LOS ANGELES (CBSLA.com) — Supporters are rallying around California Governor Jerry Brown in the hope he will announce his fourth run for the highest political office in the U.S.
RoseAnn DeMoro, the executive director of National Nurses United - the largest nurses organization in America - told KCAL9's Dave Bryan Brown guided California through the worst ecomomic and budget crises since the Great Depression and should consider another run for President.
"Jerry Brown is a rock star in California. I mean, he's California's rock star. He's just risen... once again," DeMoro said, arguing the politician is "precisely what America needs."
"He knows how to govern. He's not beholden to special interests," DeMoro said.
As Bryan reports, few political professionals believe Brown will actually run for president in 2016, although he has not explicitly ruled out a run for office.
Skeptics also say he may not have the money, support or stamina to win.
Jon Fleischman, founder and publisher of the influential FlashReport online - the voice of conservative Southern California Republicans - also argues the so-called "Brown recovery" is a myth.
"We don't know that California's been saved from anything yet," Fleischman said.
"You have to remember that all those rosy projections just ignore half a trillion dollars in unfunded pension liabilities, unfunded unemployment funds for the state of California. There's a lot of work to be done here in California," he said (sic).

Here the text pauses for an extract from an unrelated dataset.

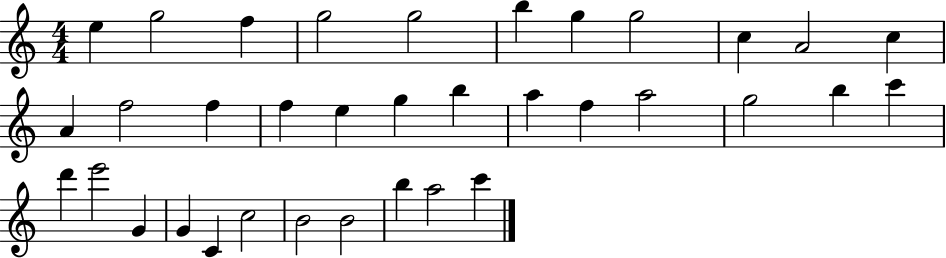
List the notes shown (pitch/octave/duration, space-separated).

E5/q G5/h F5/q G5/h G5/h B5/q G5/q G5/h C5/q A4/h C5/q A4/q F5/h F5/q F5/q E5/q G5/q B5/q A5/q F5/q A5/h G5/h B5/q C6/q D6/q E6/h G4/q G4/q C4/q C5/h B4/h B4/h B5/q A5/h C6/q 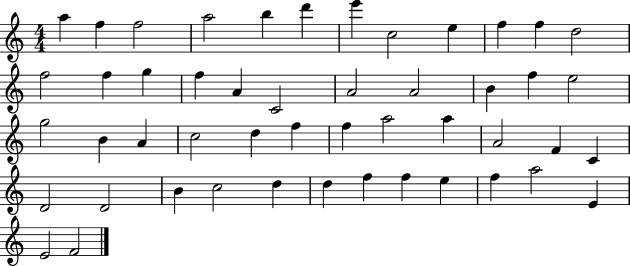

Brown has already run for president three times, including his 1992 run against President Bill Clinton, whom he accused of funneling lucrative state work to his wife Hillary's law practice.
If he makes a fourth run for president, Brown will have to overcome some serious obstacles, including his age. He would be 78 on election day - older than any successful presidential candidate.
Brown's critics also say his potential opponent, Hillary Clinton, is considered by many to be the frontrunner in the race for the Democratic presidential nomination - should she decide to run.